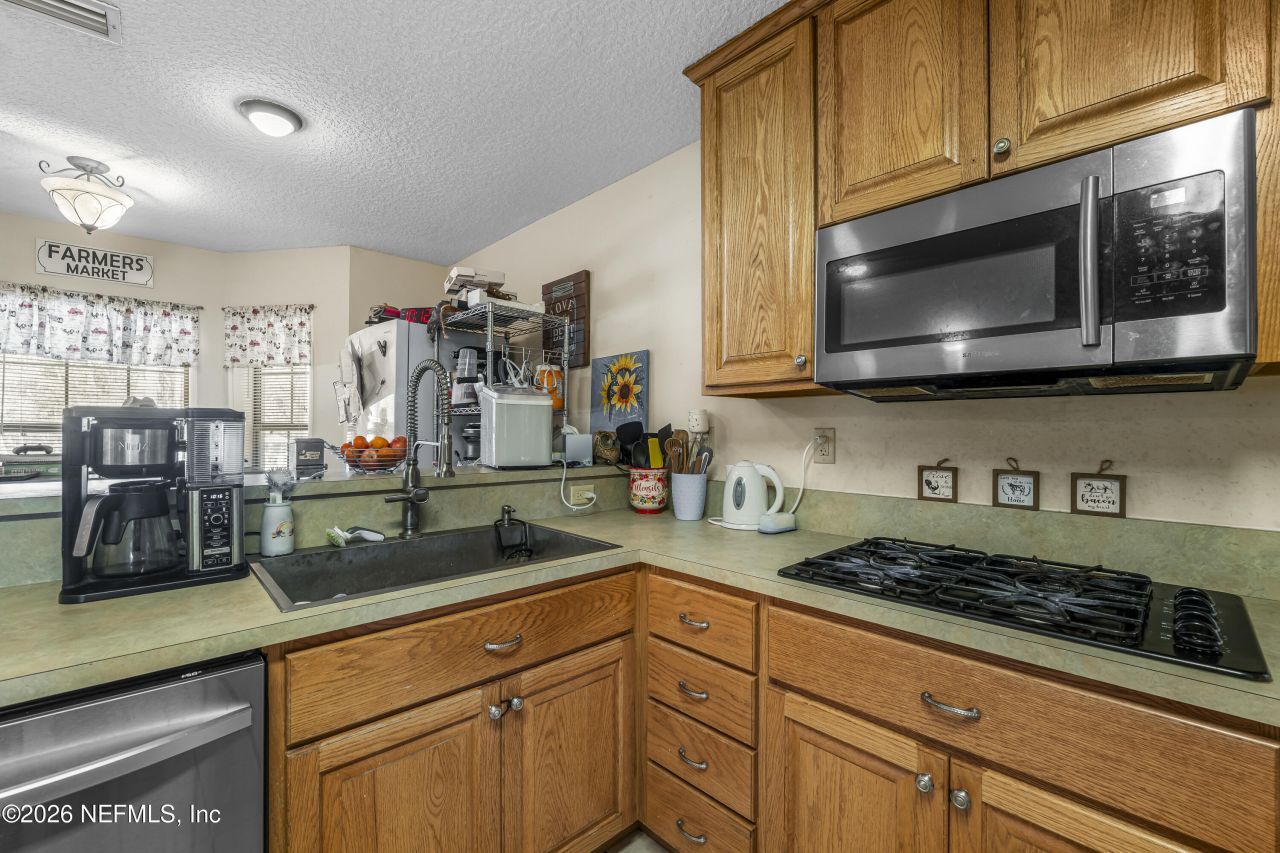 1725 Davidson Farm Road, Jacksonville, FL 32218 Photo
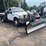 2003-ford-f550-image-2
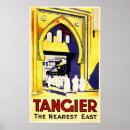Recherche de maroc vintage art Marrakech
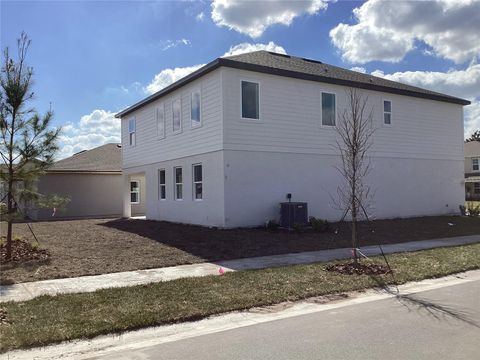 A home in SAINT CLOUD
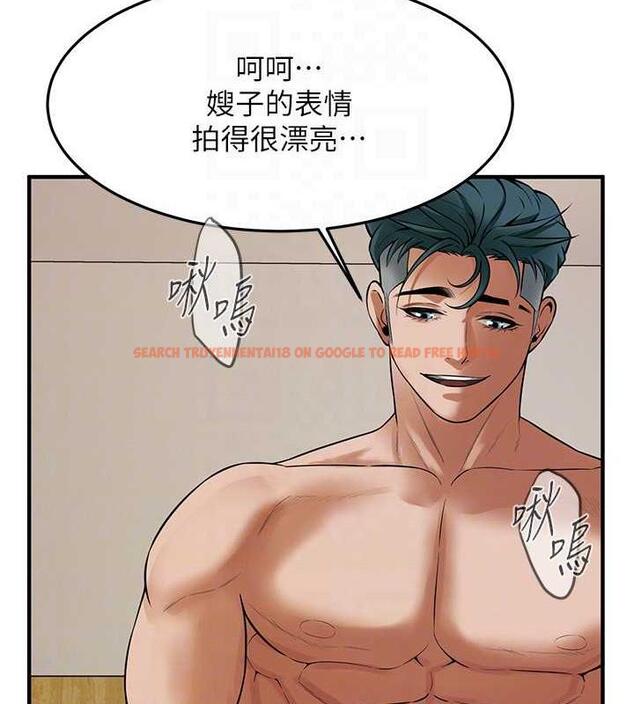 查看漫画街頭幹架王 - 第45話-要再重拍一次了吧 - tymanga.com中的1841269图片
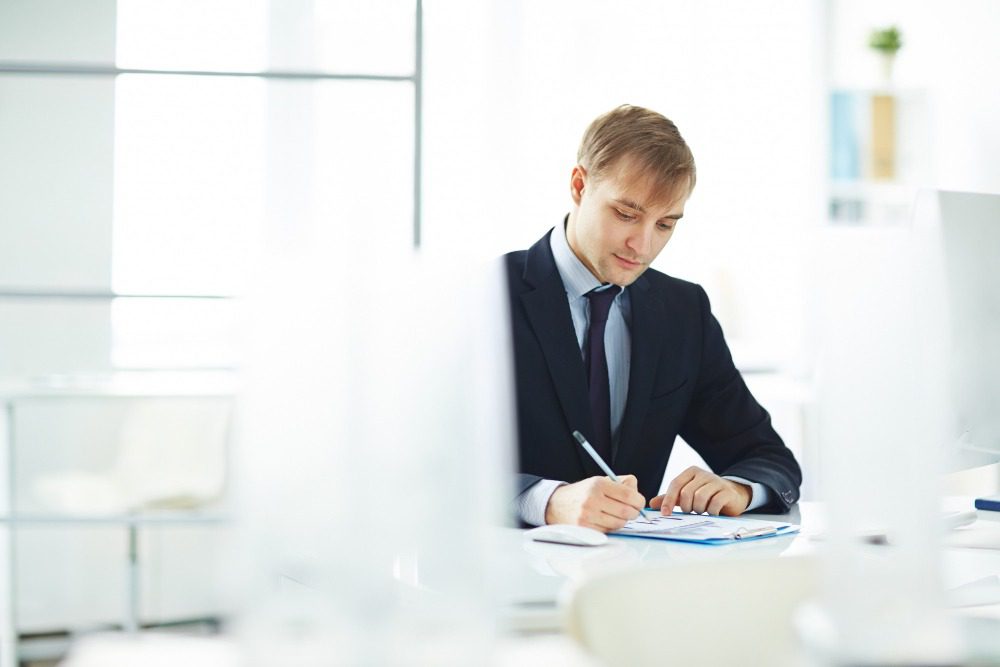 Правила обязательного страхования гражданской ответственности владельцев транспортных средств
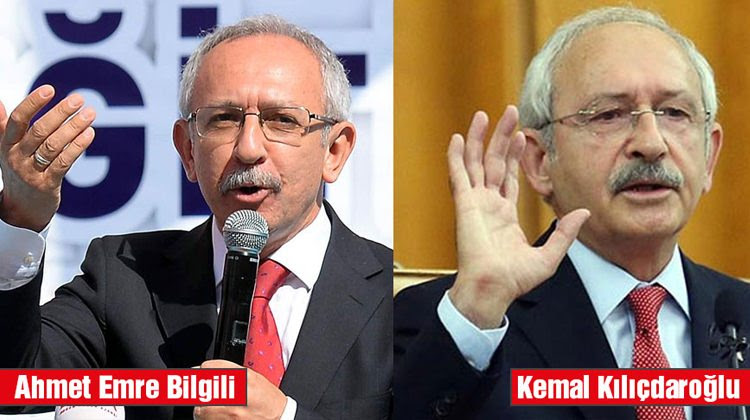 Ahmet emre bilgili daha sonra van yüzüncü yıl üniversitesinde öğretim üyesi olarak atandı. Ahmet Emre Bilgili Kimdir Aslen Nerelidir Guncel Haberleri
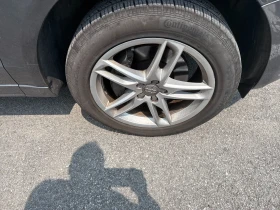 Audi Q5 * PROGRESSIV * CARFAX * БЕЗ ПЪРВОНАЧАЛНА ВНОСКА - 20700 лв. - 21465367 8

#### PROBLEM:
From the line that holds "Recherche de maroc vintage art Marrakech" to the last line of the records, please copy each line exactly and nothing else. Pictures stay out.

#### RESPONSE BOX:
Recherche de maroc vintage art Marrakech
 A home in SAINT CLOUD
 查看漫画街頭幹架王 - 第45話-要再重拍一次了吧 - tymanga.com中的1841269图片
 Правила обязательного страхования гражданской ответственности владельцев транспортных средств
 Ahmet emre bilgili daha sonra van yüzüncü yıl üniversitesinde öğretim üyesi olarak atandı. Ahmet Emre Bilgili Kimdir Aslen Nerelidir Guncel Haberleri
 Audi Q5 * PROGRESSIV * CARFAX * БЕЗ ПЪРВОНАЧАЛНА ВНОСКА - 20700 лв. - 21465367 8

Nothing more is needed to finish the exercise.